_EXTRACTED MATERIAL_:
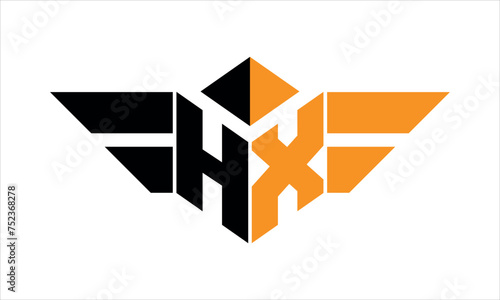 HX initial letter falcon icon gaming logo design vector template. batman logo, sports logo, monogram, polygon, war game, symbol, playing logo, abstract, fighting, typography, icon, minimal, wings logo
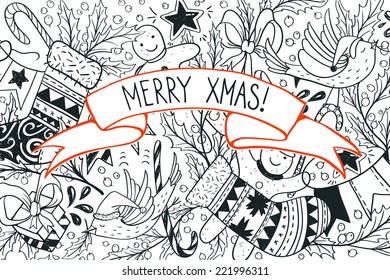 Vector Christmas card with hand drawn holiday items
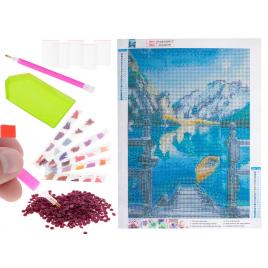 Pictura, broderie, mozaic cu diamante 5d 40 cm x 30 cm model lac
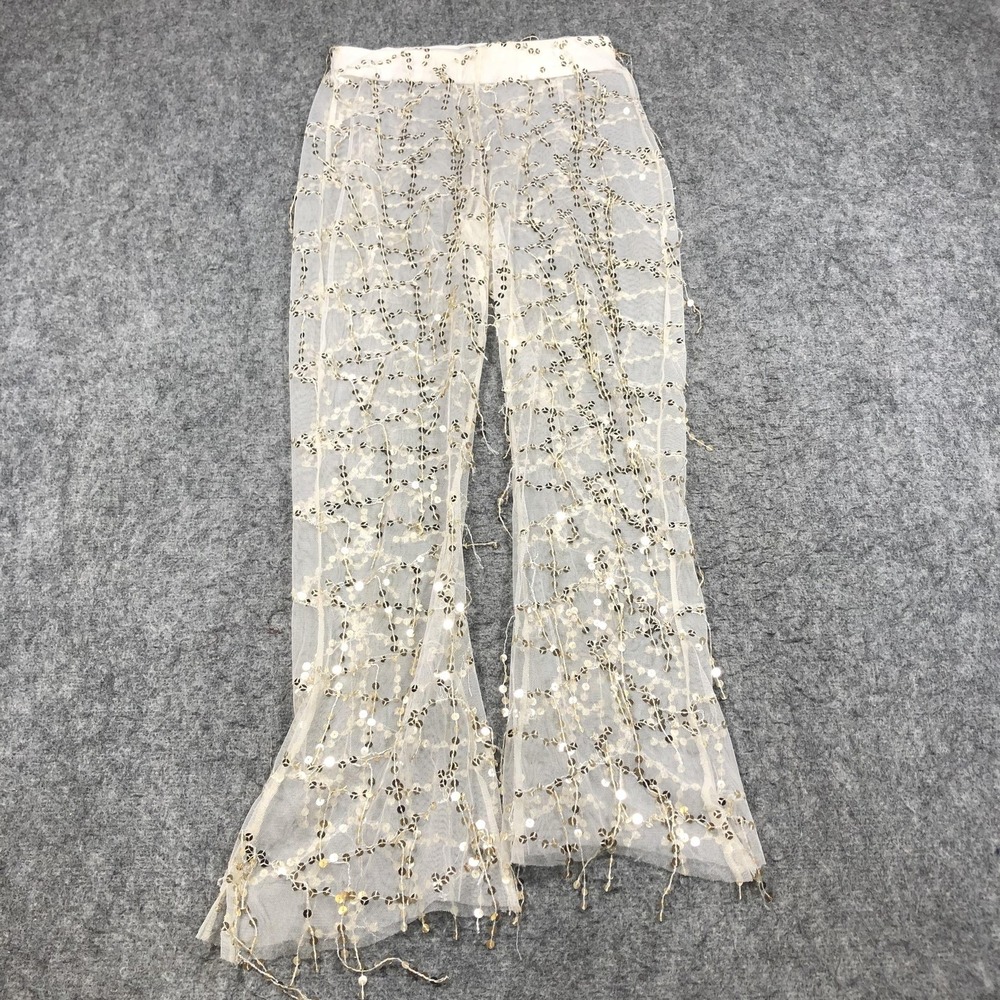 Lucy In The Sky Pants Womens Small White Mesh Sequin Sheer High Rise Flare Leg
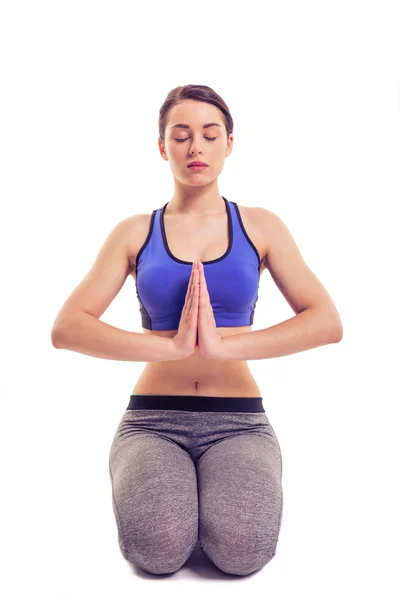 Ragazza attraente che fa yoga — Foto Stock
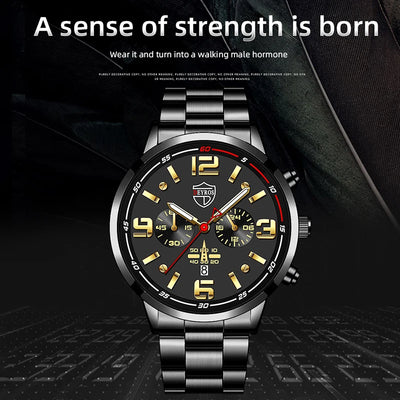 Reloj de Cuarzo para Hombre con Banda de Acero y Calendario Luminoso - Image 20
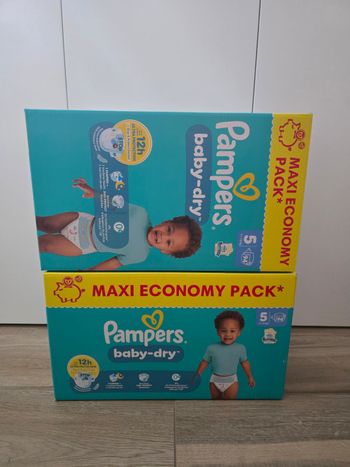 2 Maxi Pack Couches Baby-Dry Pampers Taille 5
--
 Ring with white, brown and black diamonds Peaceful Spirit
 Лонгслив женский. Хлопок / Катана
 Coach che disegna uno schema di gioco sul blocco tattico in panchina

_TASK_: From the entries above, write out only the lines starting at the line that holds "Лонгслив женский. Хлопок / Катана" and ending at the line that holds "Coach che disegna", keeping both and matching them exactly.

_ANSWER BOX_:
 Лонгслив женский. Хлопок / Катана
 Coach che disegna uno schema di gioco sul blocco tattico in panchina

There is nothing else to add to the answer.